Higher capital requirement demands from foreign companies by Ghana are seen as being on the high side when compared to other African countries and are, therefore, a disincentive to investors, a multi-stakeholder research has revealed.
According to a report on a study commissioned by the World Economic Forum (WEF) in collaboration with the Ghana Investment Promotion Centre (GIPC) and the Ghana Centre of the Consumer Unity & Trust Society (CUTS Ghana) which recommended a reduction of the minimum capital requirements for foreign investors, there was also the need for Ghana to consider differentiating between minimum capital requirements for different types of firms, particularly those in the technological sector.

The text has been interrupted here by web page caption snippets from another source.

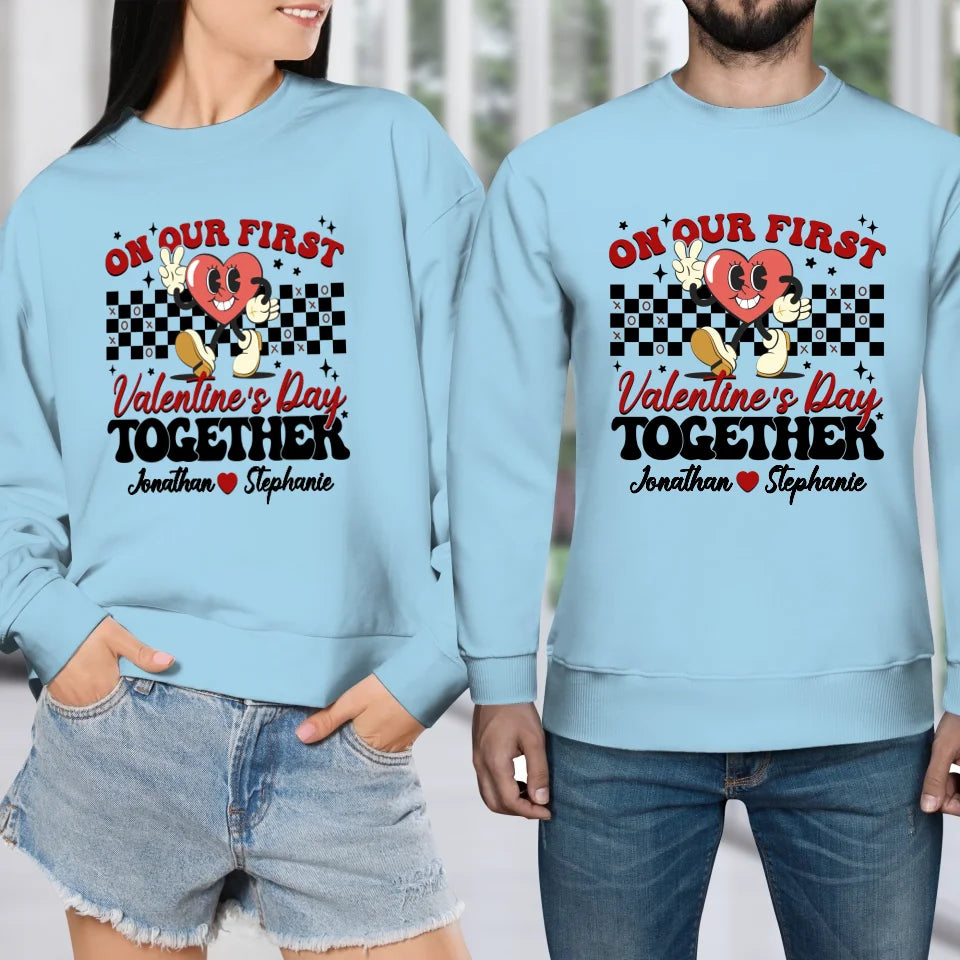 Marking Our First Valentine's Day With Love - Personalized Gifts For Couples - Unisex Sweater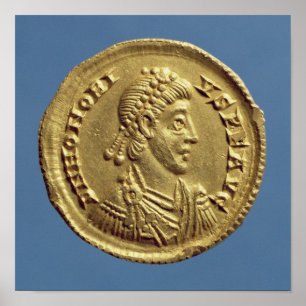 Solidus von Honoriusdrapen, gerupft Poster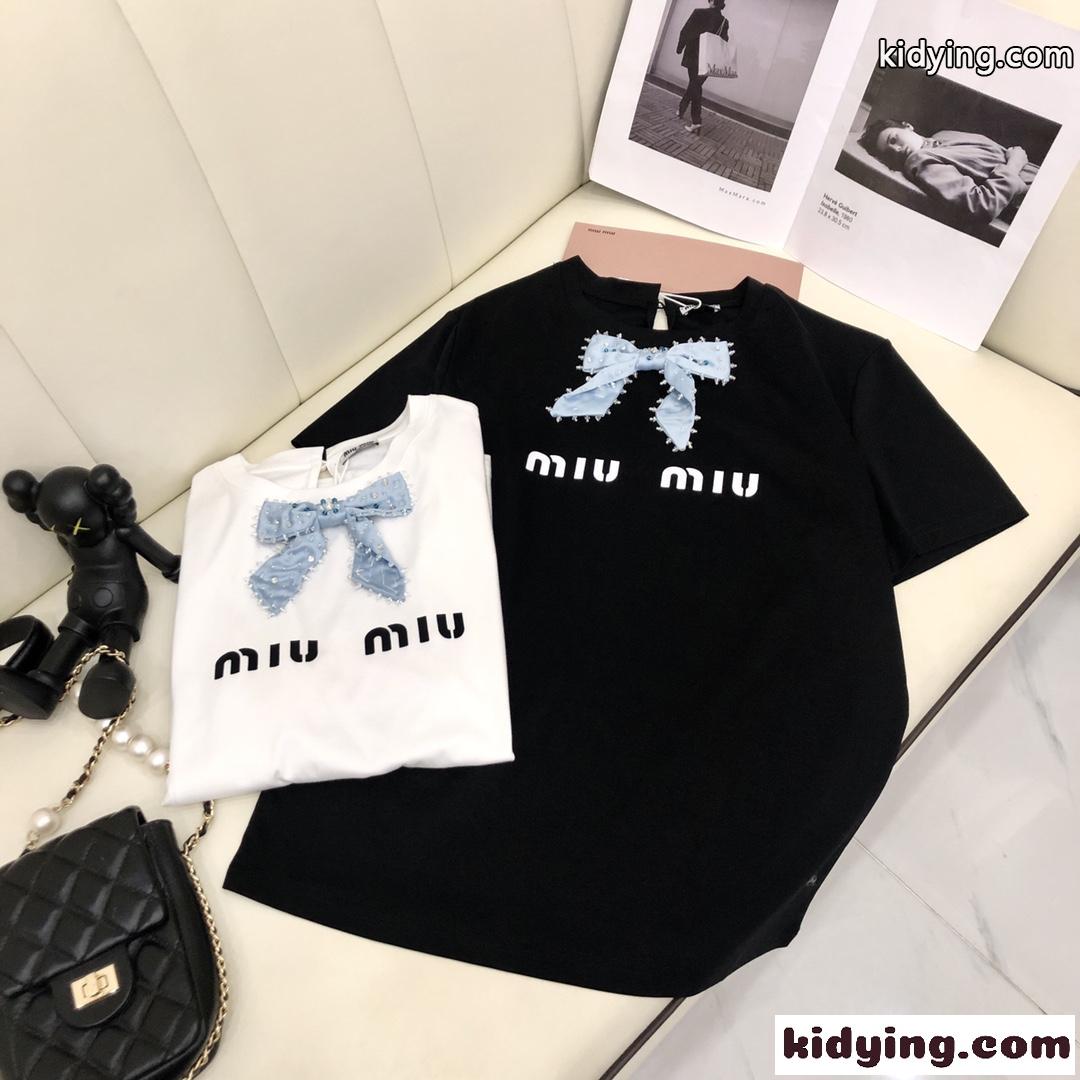 ベーシック 可愛い ロゴ プリント リボン クルーネック ミュウミュウ 半袖tシャツ コピー 春夏 レディース トップス-2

The report also called for targeted investment facilitation measures specific to agriculture to help increase investment flows to the sector and recommended measures, including agriculture insurance, One District, One Factory agricultural linkages, the formation of land information banks, a strong agricultural data, out grower schemes and skills enhancements, to help overcome the challenges in the sector.
The report underscored the usefulness of certification and standards in facilitating investment in Ghana.

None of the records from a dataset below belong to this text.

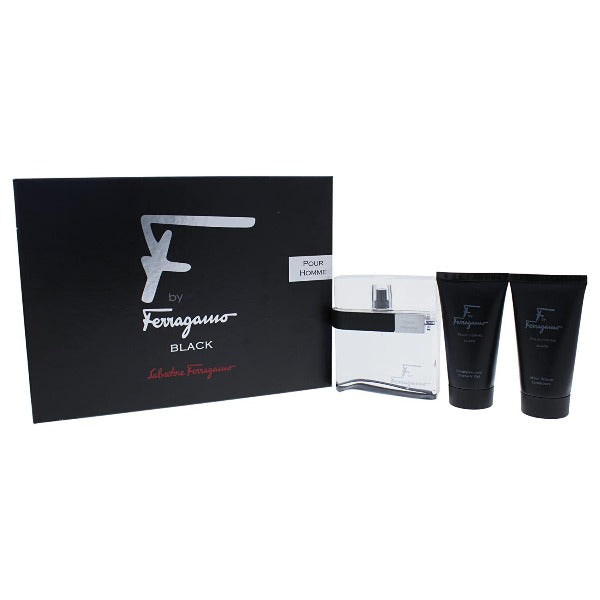 Salvatore Ferragamo F By Ferragamo Pour Homme Black 3 Piece Gift Set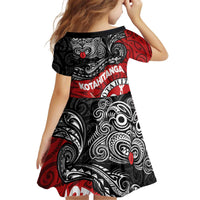 Maori Kotahitanga Kid Short Sleeve Dress Aotearoa Spirit with Maori Mask and Polynesian Art Tattoo LT03 - Polynesian Pride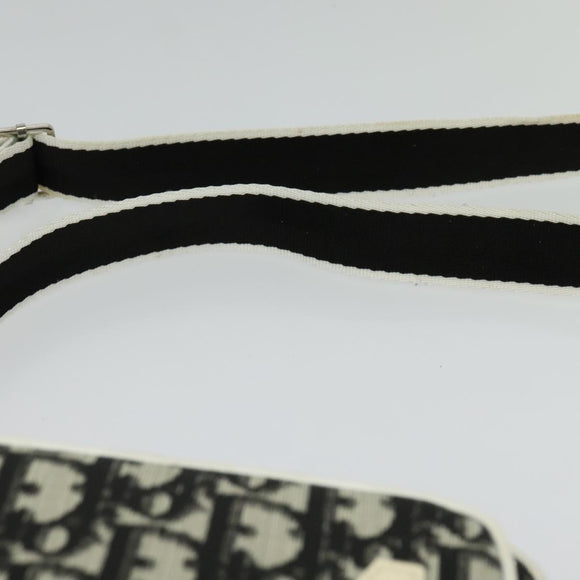 Christian Dior Trotter Canvas Shoulder Bag PVC Black Silver Auth BA5306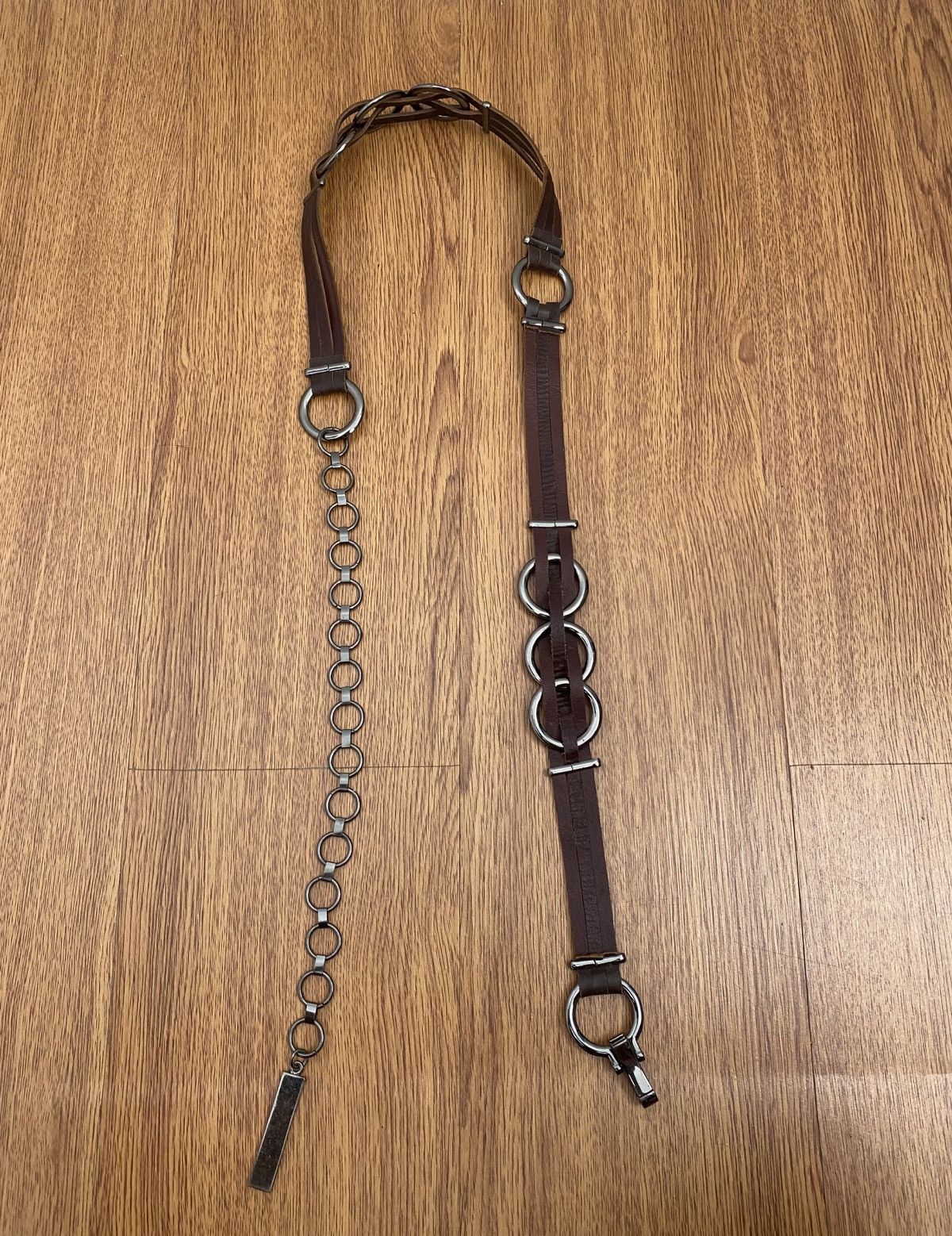 Japanese Brand Leather chain belt Size ONE SIZE - 1 Thumbnail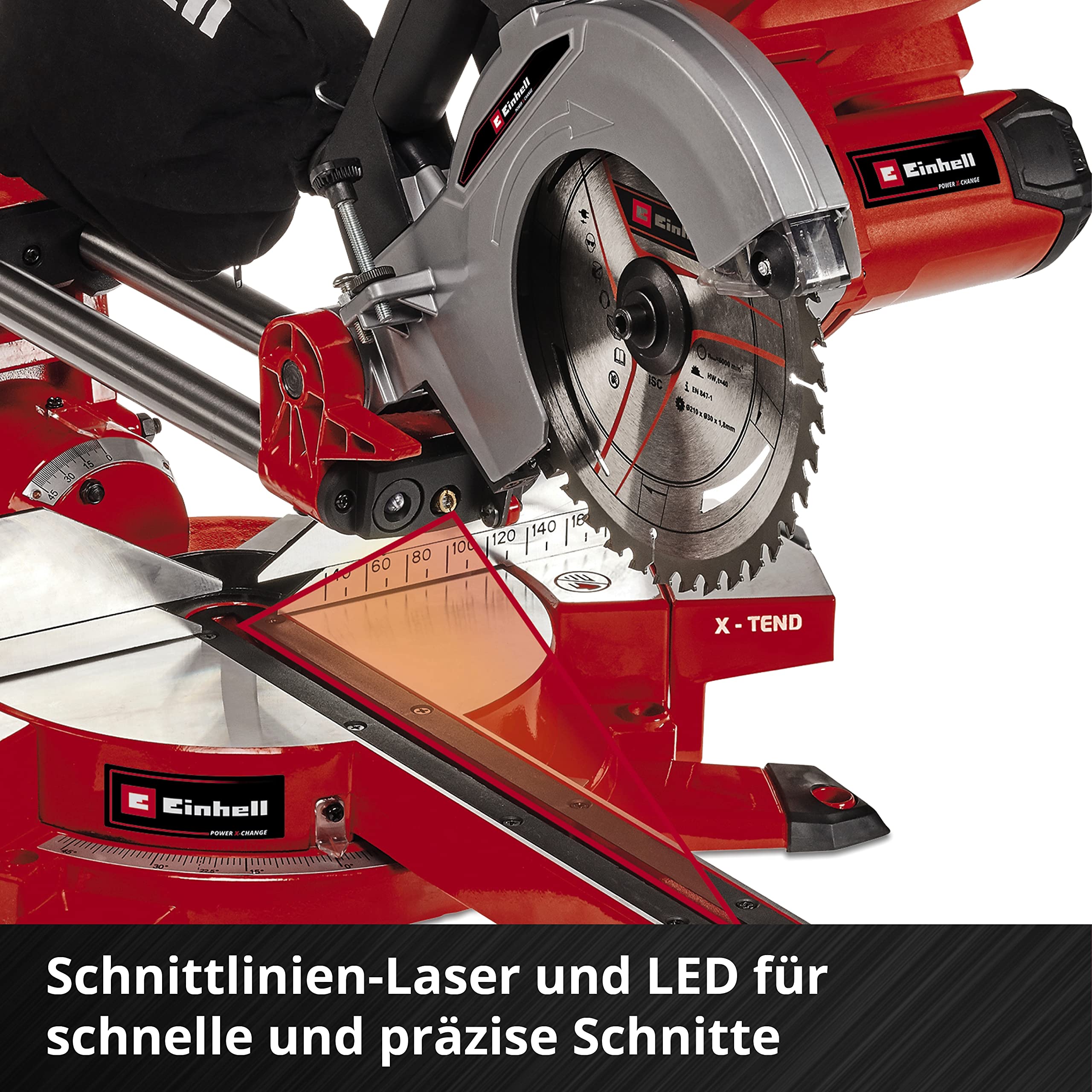 Einhell Akku-Zug-Kapp-Gehrungssäge TE-SM 36/210 Li-Solo Power X-Change (36 V, max. 65 mm x 310 mm Schnitttiefe/-breite, Ø 210 mm Sägeblatt, neigbarer Sägekopf, Laser, ohne Akku)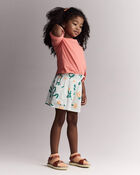 Tout-petit fille - Short ample &agrave; poches &agrave; imprim&eacute; floral - Vert clair, image 5 sur 7 diapositives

Furthermore, the report said, Ghana’s open data initiative should include agricultural data for investors, adding that data for investors should be linked to research.
The report stressed the need for policy co-ordination and a legal regime that would ensure a proper interpretation of laws and policies, the integration of agricultural training in Ghana’s educational system and skills development in handling agricultural machines.
Matthew Stephenson of WEF presented the key findings of the report at a validation workshop in Accra on Thursday, September 12, 2019.
Welcoming participants to the workshop, Mr Appiah Kusi Adomako, Country Director, CUTS Ghana, called for an investment regime that would promote desirable outcomes for both the investor and the investing country.
Mr Adomako explained the difference between investment promotion and investment facilitation.
He said while investment promotion actively sought to bring investment opportunities to the attention of potential investors, provide capital, jobs, skills, technology and exports, and to increase productivity, innovation and wages in a city or country, the main objective of investment facilitation comprised a set of policies and actions aimed at making it easier for investors to establish and expand their businesses.
The objective of investment facilitation, he said, was, therefore, to provide an investment-friendly legal and business climate to investors.
Mr Adomako said the workshop on Investment Facilitation for Sustainable Development in Ghana, therefore, aimed to create an understanding of investment and trade facilitation in key areas of the economy and to seek stakeholder feedback on the draft measures identified.
Under the new Ghana Investment Promotion Centre (GIPC) Act, 2013 (Act 865), the minimum capital required for retail business has moved from US$300,000 to US$1million, while foreign investors who participate in joint-venture enterprises must show a minimum capital of US$200,000, with wholly-owned foreign enterprises showing a minimum capital of US$500,000.
Again, currently, foreign technological companies that wish to invest in Ghana, currently have to pay US$500,000 as minimum capital to set up, but the results of the study show that the amount is too much and could prevent international investors from coming to do business in Ghana since their business is not nearly as capital intensive as manufacturing, for example.
Despite government’s long term moves to promote investment in agriculture, the sector’s share of Gross Domestic Product has consistently declined over the years, falling from 32 percent in 2009 to 20 percent in 2018.
Apart from the 20 percent contribution to economic output, the sector also provides employment to about 40 percent of the labour force.
As a result of this relatively low labour productivity, Foreign Direct Investment (FDI) in agriculture and its contribution to job creation has been comparatively low, compared to other sectors of the Ghanaian economy.
For example, out of 160 investment projects registered in 2018, according to GIPC, only four percent were in agriculture as against 27 percent in manufacturing and 25 percent in the services sector.
The agriculture sector in 2018 attracted FDI valued at US$8.58 million and created 946 jobs from only six projects registered.
Ghana, over the years has adopted policies aimed at promoting investment in agriculture, current examples being government’s flagship Planting for Food and Jobs (PFJ), Rearing for Food and Jobs (RFJ) and the Ghana Commercial Agricultural Project (GCAP).
Agriculture also offers some of the most generous fiscal incentives on investment such as tax holidays and rebates.
It is against this background that WEF, GIPC and CUTS-Ghana embarked on the research project, aimed at increasing both the quantity and quality of investment in Ghana as well as identifying specific measures that could both increase investment flows and their development impact.
The research focused on the agriculture and food sectors, given the development dimension. Some of the measures identified apply to the economy as a whole, and others are specific to the agriculture and food sectors.
WEF is an independent international organization committed to improving the state by engaging business, political, academic and other leaders of society to shape global, regional and industry agenda, while CUTS Ghana) is a public policy research and advocacy think tank.
GIPC, on the other hand, is a government agency created under the GIPC Act. 2013 (Act 865) to support and promote investment in Ghana, by facilitating an attractive incentive framework and a transparent, predictable and facilitating environment for investment in Ghana.